* **SOURCE MATERIAL**:
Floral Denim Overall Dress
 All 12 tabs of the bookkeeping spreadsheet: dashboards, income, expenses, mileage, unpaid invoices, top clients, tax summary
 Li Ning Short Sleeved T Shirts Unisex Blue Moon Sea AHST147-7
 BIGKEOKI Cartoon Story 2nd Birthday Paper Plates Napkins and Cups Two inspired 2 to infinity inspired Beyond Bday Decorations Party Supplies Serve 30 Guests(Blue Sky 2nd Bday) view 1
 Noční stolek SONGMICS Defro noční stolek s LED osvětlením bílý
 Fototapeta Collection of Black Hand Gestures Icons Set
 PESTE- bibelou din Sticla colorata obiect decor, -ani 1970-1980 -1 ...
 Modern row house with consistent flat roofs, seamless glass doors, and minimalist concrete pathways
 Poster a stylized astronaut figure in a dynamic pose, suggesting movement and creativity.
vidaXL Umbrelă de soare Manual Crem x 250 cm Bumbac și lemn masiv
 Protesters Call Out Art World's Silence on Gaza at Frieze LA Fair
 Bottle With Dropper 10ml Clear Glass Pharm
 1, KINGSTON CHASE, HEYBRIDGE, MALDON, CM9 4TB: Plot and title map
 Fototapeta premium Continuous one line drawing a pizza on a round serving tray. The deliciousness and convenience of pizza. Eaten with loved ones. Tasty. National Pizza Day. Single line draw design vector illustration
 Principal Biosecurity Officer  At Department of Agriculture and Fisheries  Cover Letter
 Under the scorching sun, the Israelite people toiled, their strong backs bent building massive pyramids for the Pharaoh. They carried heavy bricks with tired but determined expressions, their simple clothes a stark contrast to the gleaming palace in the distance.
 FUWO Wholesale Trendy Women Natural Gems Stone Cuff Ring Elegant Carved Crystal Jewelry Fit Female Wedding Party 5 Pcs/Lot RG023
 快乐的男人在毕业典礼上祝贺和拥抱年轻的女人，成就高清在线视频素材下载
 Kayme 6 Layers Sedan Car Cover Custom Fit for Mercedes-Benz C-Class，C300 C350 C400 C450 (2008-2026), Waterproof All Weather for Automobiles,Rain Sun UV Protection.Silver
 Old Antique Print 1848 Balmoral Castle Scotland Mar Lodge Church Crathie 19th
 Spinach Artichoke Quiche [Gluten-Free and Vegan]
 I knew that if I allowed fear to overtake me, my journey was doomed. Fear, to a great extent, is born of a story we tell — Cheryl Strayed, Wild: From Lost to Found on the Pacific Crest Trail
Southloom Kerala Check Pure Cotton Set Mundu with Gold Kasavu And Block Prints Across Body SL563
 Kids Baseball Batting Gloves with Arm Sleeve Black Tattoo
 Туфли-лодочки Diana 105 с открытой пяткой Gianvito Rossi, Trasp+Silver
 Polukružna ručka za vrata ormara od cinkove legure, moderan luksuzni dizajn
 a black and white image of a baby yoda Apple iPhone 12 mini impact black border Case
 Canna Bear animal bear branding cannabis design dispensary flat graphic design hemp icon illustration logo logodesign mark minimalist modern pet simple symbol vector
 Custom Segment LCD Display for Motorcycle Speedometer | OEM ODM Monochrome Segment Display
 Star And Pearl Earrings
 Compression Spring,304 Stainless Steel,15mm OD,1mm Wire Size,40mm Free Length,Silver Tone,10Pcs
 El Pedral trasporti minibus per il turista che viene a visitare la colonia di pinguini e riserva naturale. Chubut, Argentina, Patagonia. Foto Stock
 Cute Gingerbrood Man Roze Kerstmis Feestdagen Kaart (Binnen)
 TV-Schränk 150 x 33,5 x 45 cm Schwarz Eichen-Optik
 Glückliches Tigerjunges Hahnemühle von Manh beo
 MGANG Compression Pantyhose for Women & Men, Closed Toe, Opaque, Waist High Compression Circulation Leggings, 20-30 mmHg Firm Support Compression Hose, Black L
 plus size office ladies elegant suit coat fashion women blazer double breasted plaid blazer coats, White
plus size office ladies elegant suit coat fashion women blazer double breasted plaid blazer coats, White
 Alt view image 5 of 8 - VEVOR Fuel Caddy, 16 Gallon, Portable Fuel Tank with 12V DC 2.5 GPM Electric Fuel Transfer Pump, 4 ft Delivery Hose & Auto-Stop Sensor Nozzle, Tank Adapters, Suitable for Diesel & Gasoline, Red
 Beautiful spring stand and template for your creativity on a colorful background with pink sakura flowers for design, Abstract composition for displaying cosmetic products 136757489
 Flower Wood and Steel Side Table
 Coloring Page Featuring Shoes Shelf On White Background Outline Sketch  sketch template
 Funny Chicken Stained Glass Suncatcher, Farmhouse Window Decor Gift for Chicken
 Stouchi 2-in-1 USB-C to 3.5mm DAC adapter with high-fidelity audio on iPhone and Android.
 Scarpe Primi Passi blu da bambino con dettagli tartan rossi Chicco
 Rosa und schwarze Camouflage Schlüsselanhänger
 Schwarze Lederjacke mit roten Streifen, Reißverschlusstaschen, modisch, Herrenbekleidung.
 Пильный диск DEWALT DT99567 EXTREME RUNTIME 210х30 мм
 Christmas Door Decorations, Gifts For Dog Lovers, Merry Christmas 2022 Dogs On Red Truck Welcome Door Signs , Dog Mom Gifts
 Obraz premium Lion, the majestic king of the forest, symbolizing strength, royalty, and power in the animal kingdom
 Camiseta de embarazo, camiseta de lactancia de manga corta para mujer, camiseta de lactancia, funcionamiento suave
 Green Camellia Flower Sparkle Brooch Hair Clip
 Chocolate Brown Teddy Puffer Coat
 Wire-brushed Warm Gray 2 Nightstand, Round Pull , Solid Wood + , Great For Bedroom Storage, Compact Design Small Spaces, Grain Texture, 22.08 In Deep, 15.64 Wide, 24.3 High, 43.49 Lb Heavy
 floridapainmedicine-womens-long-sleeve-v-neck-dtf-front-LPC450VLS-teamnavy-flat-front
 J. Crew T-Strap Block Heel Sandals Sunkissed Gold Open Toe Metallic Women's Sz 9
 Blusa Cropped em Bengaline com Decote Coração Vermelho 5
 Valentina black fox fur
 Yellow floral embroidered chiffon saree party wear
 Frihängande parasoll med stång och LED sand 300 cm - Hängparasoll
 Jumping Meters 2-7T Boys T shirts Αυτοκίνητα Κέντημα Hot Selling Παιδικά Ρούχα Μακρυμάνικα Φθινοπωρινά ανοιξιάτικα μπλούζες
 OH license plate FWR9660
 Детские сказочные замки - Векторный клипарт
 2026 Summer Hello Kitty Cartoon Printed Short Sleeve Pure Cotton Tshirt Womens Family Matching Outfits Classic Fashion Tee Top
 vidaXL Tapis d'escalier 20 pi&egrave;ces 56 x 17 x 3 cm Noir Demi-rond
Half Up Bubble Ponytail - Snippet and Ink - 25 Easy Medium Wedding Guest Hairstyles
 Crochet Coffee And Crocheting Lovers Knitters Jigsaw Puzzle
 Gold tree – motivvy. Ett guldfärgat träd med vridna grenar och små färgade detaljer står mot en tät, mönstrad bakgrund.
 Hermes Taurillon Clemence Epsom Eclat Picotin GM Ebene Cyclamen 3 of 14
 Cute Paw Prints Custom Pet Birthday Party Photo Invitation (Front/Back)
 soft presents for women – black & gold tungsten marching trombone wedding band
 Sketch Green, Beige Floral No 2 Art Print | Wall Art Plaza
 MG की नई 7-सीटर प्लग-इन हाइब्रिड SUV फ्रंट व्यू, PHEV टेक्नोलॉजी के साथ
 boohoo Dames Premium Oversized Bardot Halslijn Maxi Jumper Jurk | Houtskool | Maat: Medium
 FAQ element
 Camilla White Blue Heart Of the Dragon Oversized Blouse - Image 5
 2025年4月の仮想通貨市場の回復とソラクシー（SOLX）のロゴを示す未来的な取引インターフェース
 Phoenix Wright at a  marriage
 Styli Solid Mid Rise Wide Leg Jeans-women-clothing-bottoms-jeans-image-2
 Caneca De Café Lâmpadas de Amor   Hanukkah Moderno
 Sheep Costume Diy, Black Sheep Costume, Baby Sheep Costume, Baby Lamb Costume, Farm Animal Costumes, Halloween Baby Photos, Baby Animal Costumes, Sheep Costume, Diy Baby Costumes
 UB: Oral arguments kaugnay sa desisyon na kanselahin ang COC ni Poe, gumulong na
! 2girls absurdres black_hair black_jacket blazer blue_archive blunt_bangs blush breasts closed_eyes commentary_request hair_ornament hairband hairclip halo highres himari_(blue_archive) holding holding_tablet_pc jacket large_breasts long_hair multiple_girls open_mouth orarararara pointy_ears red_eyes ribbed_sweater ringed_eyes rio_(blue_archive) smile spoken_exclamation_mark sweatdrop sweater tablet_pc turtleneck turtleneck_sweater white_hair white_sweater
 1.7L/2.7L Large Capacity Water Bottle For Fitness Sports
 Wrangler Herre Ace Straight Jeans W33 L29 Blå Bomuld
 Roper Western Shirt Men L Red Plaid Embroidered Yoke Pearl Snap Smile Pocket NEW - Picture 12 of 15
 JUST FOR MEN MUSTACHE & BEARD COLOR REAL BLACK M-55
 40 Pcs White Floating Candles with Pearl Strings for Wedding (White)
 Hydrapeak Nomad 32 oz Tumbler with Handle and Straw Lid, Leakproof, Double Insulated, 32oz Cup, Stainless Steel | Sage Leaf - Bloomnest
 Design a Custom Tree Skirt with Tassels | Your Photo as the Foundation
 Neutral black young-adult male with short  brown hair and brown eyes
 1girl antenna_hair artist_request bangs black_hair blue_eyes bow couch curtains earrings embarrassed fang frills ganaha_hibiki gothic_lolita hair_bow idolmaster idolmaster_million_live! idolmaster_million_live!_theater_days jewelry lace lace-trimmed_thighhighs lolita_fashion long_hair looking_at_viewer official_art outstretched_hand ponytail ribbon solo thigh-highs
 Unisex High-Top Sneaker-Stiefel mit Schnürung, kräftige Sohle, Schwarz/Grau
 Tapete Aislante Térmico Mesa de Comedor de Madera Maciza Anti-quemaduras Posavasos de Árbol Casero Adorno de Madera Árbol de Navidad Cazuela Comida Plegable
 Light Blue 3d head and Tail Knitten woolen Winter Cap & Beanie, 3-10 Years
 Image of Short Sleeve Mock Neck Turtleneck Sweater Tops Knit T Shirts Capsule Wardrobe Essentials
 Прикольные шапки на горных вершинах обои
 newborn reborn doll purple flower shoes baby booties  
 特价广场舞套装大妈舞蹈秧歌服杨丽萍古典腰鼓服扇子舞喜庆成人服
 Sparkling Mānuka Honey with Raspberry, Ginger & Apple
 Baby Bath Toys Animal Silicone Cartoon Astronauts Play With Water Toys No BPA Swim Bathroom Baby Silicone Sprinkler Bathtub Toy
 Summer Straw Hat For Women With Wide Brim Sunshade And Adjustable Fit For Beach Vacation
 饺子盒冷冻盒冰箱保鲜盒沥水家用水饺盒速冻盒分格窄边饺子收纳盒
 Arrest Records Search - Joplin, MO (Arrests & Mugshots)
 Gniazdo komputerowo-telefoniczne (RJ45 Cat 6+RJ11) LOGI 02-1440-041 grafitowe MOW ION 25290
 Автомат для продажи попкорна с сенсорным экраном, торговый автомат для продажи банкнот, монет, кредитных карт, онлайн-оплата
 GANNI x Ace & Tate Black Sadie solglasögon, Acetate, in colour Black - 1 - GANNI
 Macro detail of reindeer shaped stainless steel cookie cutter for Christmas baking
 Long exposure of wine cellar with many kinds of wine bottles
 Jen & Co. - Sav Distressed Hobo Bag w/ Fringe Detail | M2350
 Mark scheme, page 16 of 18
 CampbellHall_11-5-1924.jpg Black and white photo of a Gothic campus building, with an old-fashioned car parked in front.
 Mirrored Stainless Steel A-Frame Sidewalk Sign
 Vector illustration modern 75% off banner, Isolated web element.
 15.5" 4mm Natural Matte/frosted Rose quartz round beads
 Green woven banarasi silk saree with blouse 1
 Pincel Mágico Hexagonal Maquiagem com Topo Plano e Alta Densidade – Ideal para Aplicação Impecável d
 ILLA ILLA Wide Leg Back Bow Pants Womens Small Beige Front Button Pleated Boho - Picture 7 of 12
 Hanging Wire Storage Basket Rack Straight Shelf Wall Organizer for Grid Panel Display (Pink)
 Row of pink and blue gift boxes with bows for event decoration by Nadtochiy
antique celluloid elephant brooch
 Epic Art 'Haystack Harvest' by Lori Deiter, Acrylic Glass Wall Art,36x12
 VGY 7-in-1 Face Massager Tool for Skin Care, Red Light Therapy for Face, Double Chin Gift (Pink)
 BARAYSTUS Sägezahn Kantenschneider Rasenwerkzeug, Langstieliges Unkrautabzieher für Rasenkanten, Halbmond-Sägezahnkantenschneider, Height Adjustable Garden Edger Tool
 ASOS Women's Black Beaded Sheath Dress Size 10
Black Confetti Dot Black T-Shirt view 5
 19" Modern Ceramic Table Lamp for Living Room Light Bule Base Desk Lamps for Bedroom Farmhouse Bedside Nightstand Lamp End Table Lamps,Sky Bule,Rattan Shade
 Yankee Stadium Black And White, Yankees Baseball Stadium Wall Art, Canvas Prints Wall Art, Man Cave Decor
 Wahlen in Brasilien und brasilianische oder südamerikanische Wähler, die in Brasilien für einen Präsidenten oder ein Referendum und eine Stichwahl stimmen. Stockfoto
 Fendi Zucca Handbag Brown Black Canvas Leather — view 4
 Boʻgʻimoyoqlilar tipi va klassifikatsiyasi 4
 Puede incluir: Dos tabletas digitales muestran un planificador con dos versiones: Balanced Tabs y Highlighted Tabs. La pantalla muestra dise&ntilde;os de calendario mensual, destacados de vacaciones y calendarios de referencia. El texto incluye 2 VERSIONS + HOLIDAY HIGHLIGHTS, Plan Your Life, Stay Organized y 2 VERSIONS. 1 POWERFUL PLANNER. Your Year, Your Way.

* **EXERCISE DESCRIPTION**:
Some lines above contain the word "Jeans". Copy each of them.

* **COMPLETED EXERCISE**:
 Styli Solid Mid Rise Wide Leg Jeans-women-clothing-bottoms-jeans-image-2
 Wrangler Herre Ace Straight Jeans W33 L29 Blå Bomuld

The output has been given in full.